Selasa, 23 Oktober 2018

STATUS ZAKAT PERAK



Wawan Shofwan (2011) menjelaskan bahwa perhiasan yang dikenai kewajiban zakat adalah perhiasan yang terbuat dari emas atau perak, baik 100%, jadi bahan pokok setelah dicampur dengan bahan lainnya atau bahan lain yang menjadi pokok dan emas dan perak hanya sekadar untuk menyempurnanya.

Allah SWT berfirman di dalam QS. At-Taubah ayat 34 tentang kewajiban zakat yang artinya:

"Dan orang-orang yang menimbum emas dan perak serta tidak membelanjakannya di jalan Allah, maka kabarkanlah kepada mereka akan azab Yang pedih".
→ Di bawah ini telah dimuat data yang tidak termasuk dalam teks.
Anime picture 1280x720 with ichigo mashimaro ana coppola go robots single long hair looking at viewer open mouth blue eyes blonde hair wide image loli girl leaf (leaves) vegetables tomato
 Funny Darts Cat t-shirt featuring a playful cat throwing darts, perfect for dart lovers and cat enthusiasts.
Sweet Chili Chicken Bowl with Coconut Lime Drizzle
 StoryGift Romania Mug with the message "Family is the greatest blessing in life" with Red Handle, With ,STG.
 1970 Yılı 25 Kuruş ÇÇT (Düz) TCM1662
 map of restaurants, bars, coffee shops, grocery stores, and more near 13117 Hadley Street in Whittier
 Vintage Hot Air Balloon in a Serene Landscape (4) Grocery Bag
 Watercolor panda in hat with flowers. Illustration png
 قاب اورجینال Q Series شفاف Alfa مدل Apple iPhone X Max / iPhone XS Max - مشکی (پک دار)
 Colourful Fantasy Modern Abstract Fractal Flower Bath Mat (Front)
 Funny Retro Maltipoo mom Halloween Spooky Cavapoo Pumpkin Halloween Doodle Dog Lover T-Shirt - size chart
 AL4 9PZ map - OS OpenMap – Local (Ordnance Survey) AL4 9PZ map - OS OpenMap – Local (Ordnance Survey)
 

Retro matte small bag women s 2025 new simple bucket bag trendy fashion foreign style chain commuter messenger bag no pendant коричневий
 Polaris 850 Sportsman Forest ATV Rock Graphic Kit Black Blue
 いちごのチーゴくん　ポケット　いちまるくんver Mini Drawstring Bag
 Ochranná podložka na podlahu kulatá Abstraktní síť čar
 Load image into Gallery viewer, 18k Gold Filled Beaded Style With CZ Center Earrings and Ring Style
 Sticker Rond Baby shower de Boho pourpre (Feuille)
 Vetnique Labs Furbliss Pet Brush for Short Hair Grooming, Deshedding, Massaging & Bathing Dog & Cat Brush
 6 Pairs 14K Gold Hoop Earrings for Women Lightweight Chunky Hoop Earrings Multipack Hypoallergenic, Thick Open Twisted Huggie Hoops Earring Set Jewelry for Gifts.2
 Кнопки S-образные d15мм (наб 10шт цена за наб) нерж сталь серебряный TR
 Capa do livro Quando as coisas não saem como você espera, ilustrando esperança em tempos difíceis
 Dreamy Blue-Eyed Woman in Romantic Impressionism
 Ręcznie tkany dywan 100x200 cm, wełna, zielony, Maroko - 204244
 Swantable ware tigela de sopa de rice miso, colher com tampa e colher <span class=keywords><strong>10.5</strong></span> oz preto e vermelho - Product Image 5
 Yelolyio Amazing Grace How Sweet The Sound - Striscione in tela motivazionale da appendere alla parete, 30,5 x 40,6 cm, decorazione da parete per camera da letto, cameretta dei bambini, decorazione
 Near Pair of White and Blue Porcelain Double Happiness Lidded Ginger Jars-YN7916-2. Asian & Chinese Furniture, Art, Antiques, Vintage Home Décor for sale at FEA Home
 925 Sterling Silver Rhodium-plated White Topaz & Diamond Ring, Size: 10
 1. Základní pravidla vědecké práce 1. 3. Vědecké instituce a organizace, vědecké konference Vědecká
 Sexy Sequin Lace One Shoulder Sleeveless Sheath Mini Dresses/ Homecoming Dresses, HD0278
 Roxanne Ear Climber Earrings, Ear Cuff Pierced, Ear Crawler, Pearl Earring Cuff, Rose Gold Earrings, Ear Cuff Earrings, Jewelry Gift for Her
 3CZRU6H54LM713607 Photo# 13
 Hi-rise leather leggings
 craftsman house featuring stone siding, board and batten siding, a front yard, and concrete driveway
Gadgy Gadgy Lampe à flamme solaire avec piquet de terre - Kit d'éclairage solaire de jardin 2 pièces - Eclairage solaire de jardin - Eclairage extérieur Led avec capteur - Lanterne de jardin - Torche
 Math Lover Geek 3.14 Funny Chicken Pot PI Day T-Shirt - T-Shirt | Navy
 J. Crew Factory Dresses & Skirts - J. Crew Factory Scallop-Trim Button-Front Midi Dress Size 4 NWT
Berikut adalah riwayat al-Hakim yang menerangkan tentang wajib zakat perak:

"Sesungguhnya Aisyah R.a. telah menemui Rasulullah Saw. Dengan mengenakan cincin tak bermata dari perak. Maka, Rasulullah Saw. bersabda: Apakah ini hai Aisyah? Ia menjawab: saya lakukan ini supaya menghiasiku guna membahagiakan Anda wahai Rasulullah' Maka Rasulullah bersabda,'Sudahkah engkau keluarkan zakatnya?' Ia menjawab, 'Tidak!', Kemudian Rasulullah bersabda, 'Cincin itu cukup untuk memasukkanmu ke neraka". HR. Sunan Abu Daud, II: 4 no. 1567, Sunan An-Nasai, bi-ahk'amil albani, IV: 139, Sunan Ad-Dharaqutni, V: 196, no. 1974. Al-Hakim, Al- Mustadrak 'alas shahihain, III: 468 no. 1388)

Nisab Perak dan ukuran zakatnya, ialah hingga berjumlah lima auqiyah. Satu auqiyah sama dengan 40 dirham. Sehingga, kalau lima auqiyah sama dengan 200 dirham. Para ulama sepakat dalam menetapkan nishab perak ini. Diriwayatkan oleh Bukhari dari Said dari Nabi Muhammad SAW bersabda:

"Tak ada zakat perak yang kurang dari 5 auqiyah"

Akan tetapi, status zakat perak pada saat sekarang kurang populer dikalangan masyarakat.

Menurut, Pak Amin selaku Amil Zakat di BAZNAS Mujahidin, beliau mengaku sementara ini belum ada yang menunaikan zakat perak.

"Mungkin memang tidak ada, lagi pula mungkin kaum muslimin (muzakki) lebih cendrung pegang emas saja." tutur beliau.

Adapula, alasan kurangnya minat masyarakat dalam menunaikan zakat perak adalah:

1. Nilai perak cenderung, sehingga  jarang orang tertarik memihak perak untuk komoditasi investasi.  Berbeda dengan emas yang nilainya relatif diakui sebagai sarana investasi sampai zaman sekarang sebagaimana uang kertas.
2. Emas masih bertahan sebagai standard harga. Sementara perak tidak lagi menjadi standard harga.  Sehingga emas lebih mendekati sifat mata uang di zaman sekarang,  dibandingkan perak.
3. Rasulullah SAW ketika mengutus muadz radhiyallahu 'anhu ke yaman,  beliau berpesan agar mengajarkan kewajiban zakat. Salah satu karakter Zakat yang disebutkan dalam pesan Rasulullah SAW kepada Muadz
"Zakat itu diambil dari orang kaya mereka, untuk dikembalikan kepada orang miskin mereka" (HR.  Bukhari 7372).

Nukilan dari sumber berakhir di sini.